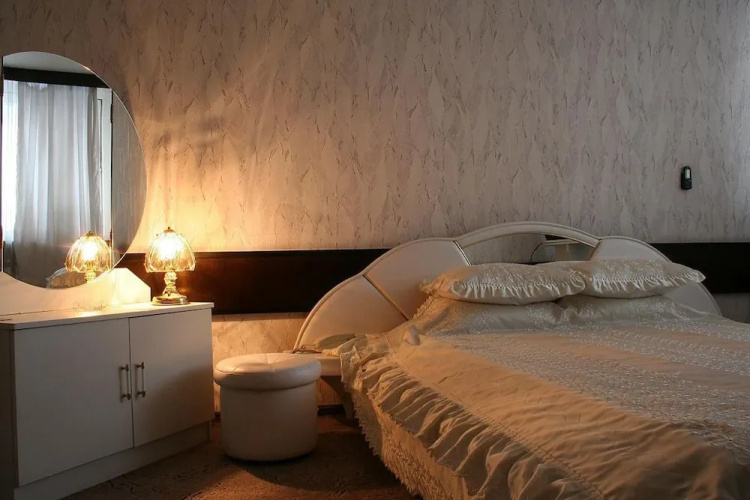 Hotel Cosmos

* * * * *

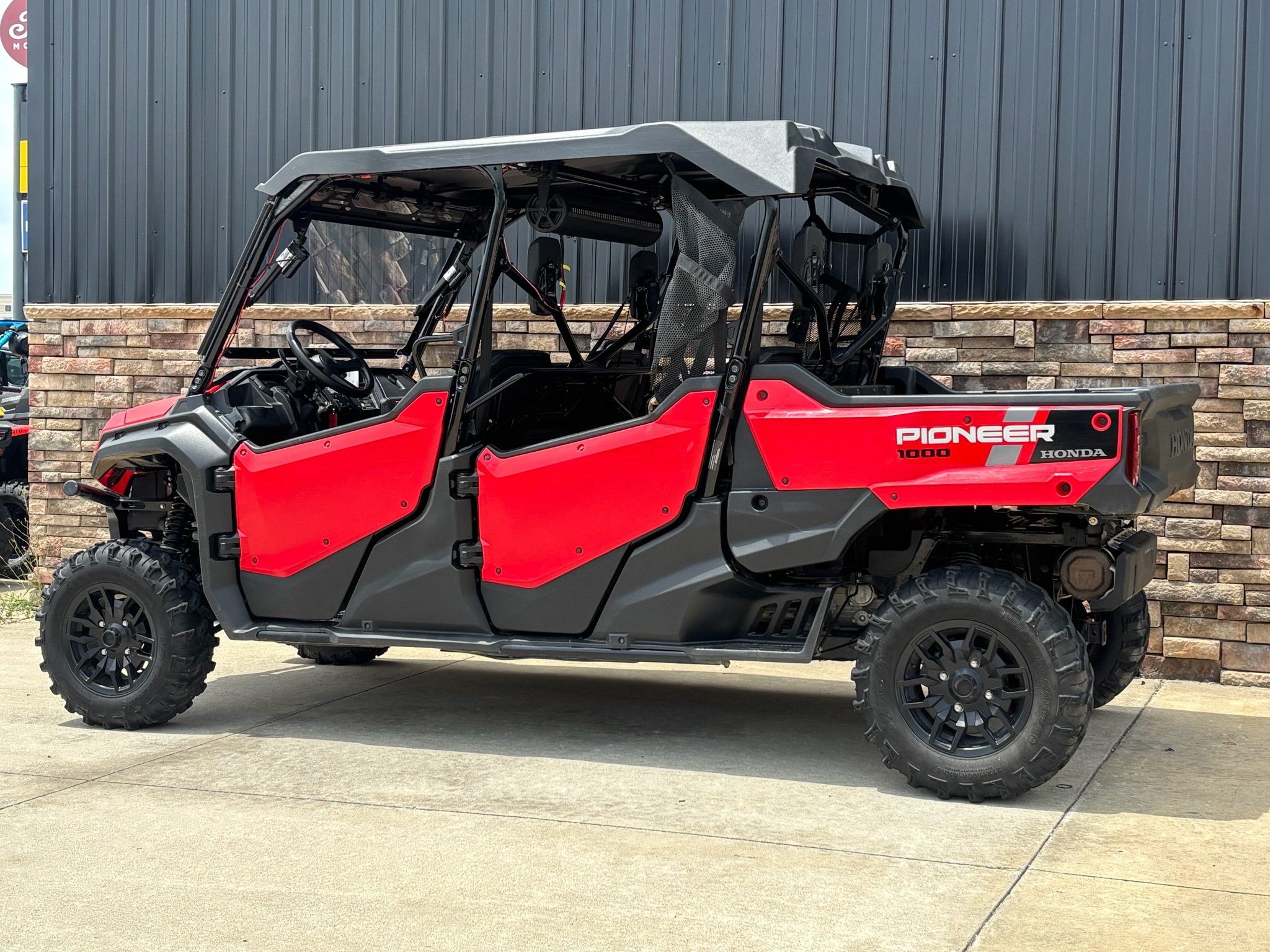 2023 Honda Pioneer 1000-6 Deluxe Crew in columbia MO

* * * * *

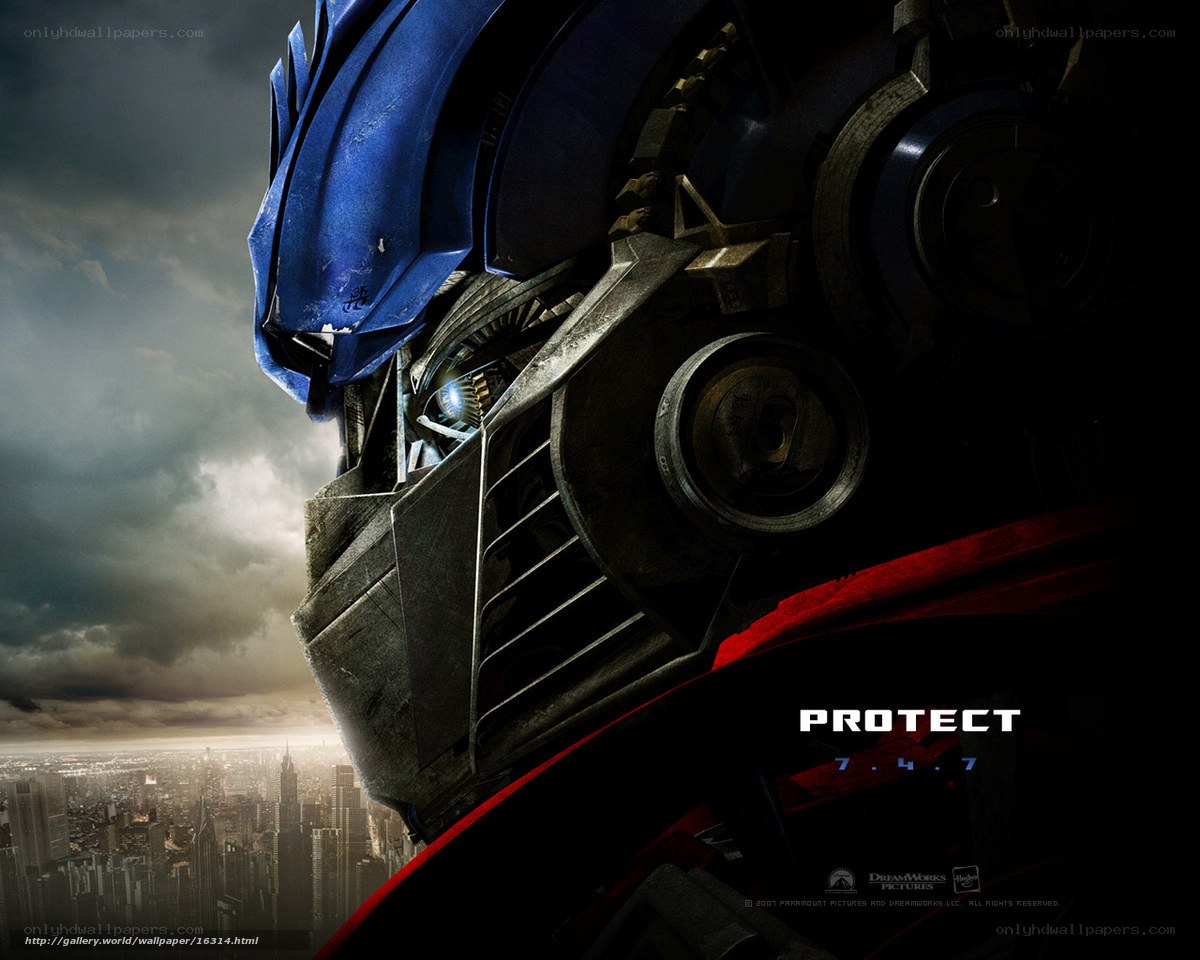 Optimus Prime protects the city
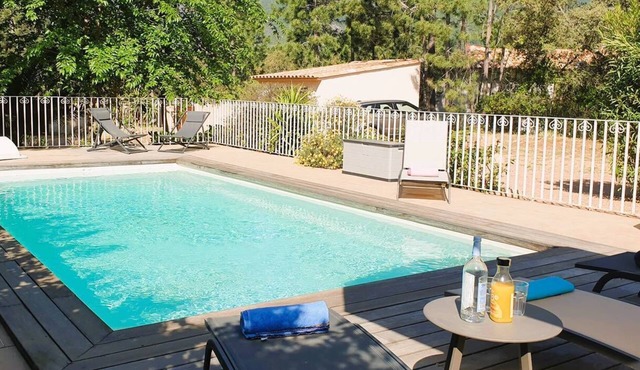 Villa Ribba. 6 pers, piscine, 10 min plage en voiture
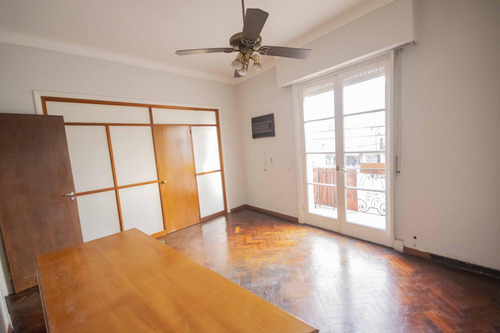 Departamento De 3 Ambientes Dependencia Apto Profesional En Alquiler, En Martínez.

* * * * *

> [Task details]
While skipping the pictures, transcribe the data above from the line showing "Optimus Prime protects the city" through the line showing "Departamento De 3", exactly and with both ends.

> [Response]
 Optimus Prime protects the city
 Villa Ribba. 6 pers, piscine, 10 min plage en voiture
 Departamento De 3 Ambientes Dependencia Apto Profesional En Alquiler, En Martínez.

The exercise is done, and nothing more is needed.